I stopped paddling, felt my momentum against the current slack then disappear, and let the world slip backwards.
“What now?” I thought.
Three miles. Three miles up swift, ripply water just to watch the river narrow and twist through a tight channel, to stare at the dam plugged across it, to search in vain for an old trail, to crawl through a reed-choked marsh trying to reach a road that was too far. Three miles just to turn around and go back, to cover the same ground, to feel bitter.
I floated backward and looked at maps, trying to figure out some way forward, someway past the wall. The Ottawa splits into two channels, the northern one with a dam, the southern one with miles of whitewater with no good roads around either, but there’s a third route, the one natives used before Montrealers turned the fur trade into a heavily laden industry with thirty-six foot long canoes and three tons of cargo.
A string of ponds and streams up to Muskrat Lake, a long, thin basin that drains back in into the Ottawa forty miles upstream, far beyond the whitewater and dam.

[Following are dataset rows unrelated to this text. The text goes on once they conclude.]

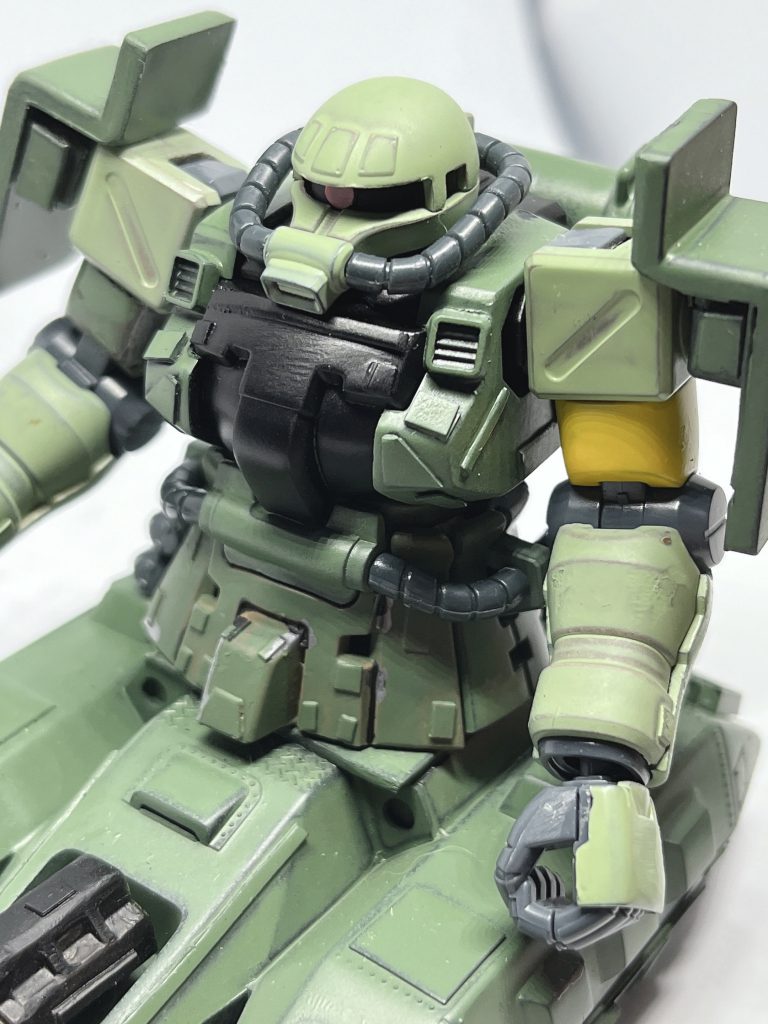 塗料はMSカラーのグリーンとディープグリーンを使用、ちなみにサンドカラーにしなかったのは自分の好みです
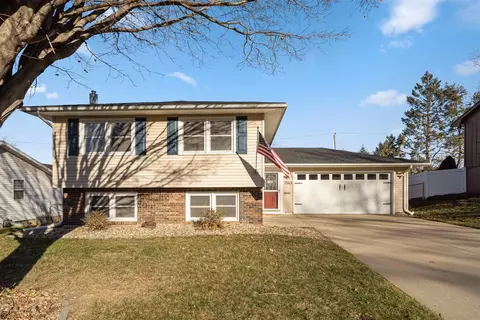 1143 Leona Ave, Waterloo, IA 50702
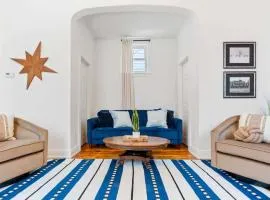 Stylish Retreat Walkable to Bars & Restaurants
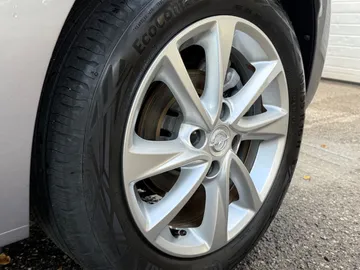 Car image 26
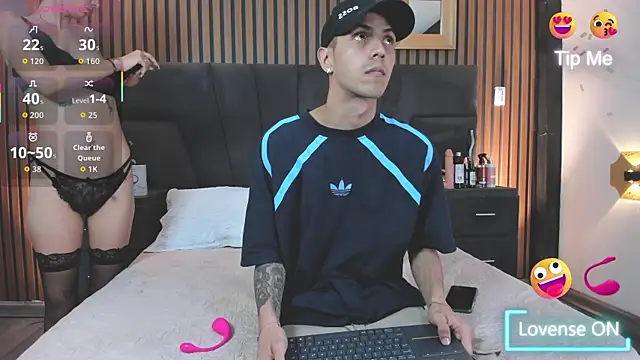 DerryAndIzzy online show from 11/09/25, 07:28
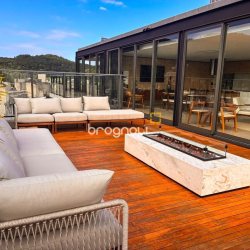 Apartamento com 119m², 3 quartos (sendo 3 suítes), 2 garagens, no bairro Jurerê em Florianópolis
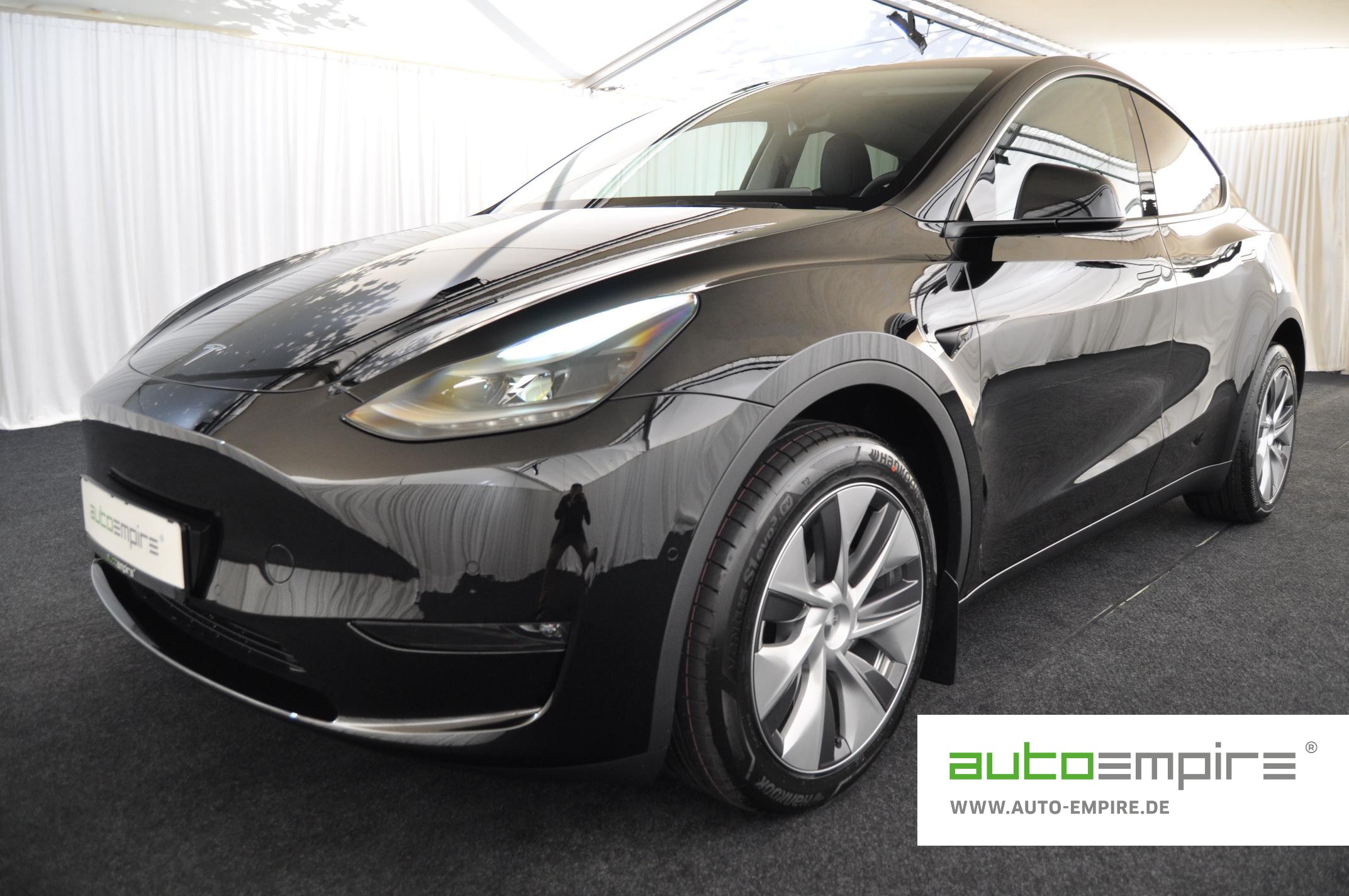 TESLA Model Y Long Range AWD 19-Zoll WR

The string of lakes and streams were behind me and looked nightmarish, but a ten-mile walk could get me to Muskrat Lake.
I thought of my feet blistering on the portage into Montreal, of popping them with a needle and wrapping them in duct tape, of how the straps of my sandals wore my skin raw in places, how I felt exhausted for days.
“You only have so many of these in you, you know,” I said.
Ten miles looks so small on a map. You can run a finger across it in a heartbeat. It looks easy until you’re in it, but it’s a way forward.
Maybe. Maybe not. The Muskrat River draining the far side of the lake could be anything from a stream to whitewater to a mud puddle, it’s only a blue line on the map, a lot to hang a ten-mile portage on.
I found an old boat ramp at the end of a long dirt road and sat down to eat dinner as the sun set. The air felt cool, the water still. A pair of guys pulled up in a pickup truck with a small boat in the back to test out a motor. I asked them about roads and what kind of traffic would be on them.
Dirt roads most of the way, they said. Almost no traffic.
They wished me luck and I watched them motor down the river. It’s always hard to leave the water and I knew I’d think about this moment for hours.
I slipped the cart underneath the hull, lifted the bow, and pulled down the road into the darkness to find a way around the wall.